South Africa’s first-ever Yinka Shonibare exhibition is open at Norval Foundation, Cape Town’s new art destination. Trade Winds: Yinka Shonibare CBE traces the works of the British-Nigerian artist best known for his monumental wind sculptures. These sculptures are displayed in spectacular locations worldwide, from Central Park in New York to the Ndubuisi Kanu Park in Lagos and now at the inaugural Cape Town exhibition.

This exhibition brings together a series of Yinka Shonibare’s most important work including sculptures, photographs and a major installation, created between 2008 and 2018, all connected by the golden thread of Dutch Wax fabric. Trade Winds: Yinka Shonibare CBE takes as its starting point an appreciation for the fabric’s materiality and the conceptual as well as historical meanings associated with it.

Another highlight of this exhibition is Shonibare’s African Library (2018), the most recent iteration of his library series honouring first or second generation immigrants who have shaped a country’s social, political or cultural life. Approximately 4 900 books, covered in Dutch Wax fabric, are emblazoned with the names of immigrants in gold on the spines of key books. African Library includes a reading area where biographical details of these notable Africans can be accessed along with archival footage of leaders of African independence movements.



Alongside African Library, Shonibare’s five-part photographic series Sleep of Reason Produces Monsters (2008) is included in Trade Winds: Yinka Shonibare CBE. Drawing upon the eighteenth-century Spanish artist Francisco Goya’s satiric etching of the same name, which is part of Goya’s seminal Los Caprichos (1797-1799) suite of etchings, Shonibare’s works are similarly critical of humanity’s ability to be truly rational.

Each of Shonibare’s five photographs relate to a specific continent, acting as personifications of these land masses. Sleep of Reason Produces Monsters (Asia) for example features a figure of African descent who is attired in Dutch Wax fabric.
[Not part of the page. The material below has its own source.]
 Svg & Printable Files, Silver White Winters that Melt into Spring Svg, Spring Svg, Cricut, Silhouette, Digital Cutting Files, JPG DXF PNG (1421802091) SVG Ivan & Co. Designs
Shonibare reminds us that within the context of globalisation, peoples and cultures move across the world, influencing and shaping one another – unsettling simplistic understandings of identity, place and culture.

The two figurative sculptures included in this exhibition, Boy Balancing Knowledge II (2016) and Butterfly Kid (Girl) IV (2017), while playful, nonetheless suggest significant subjects for the next generation: escape from an environmentally compromised planet, and the weight and precariousness of our systems of knowledge.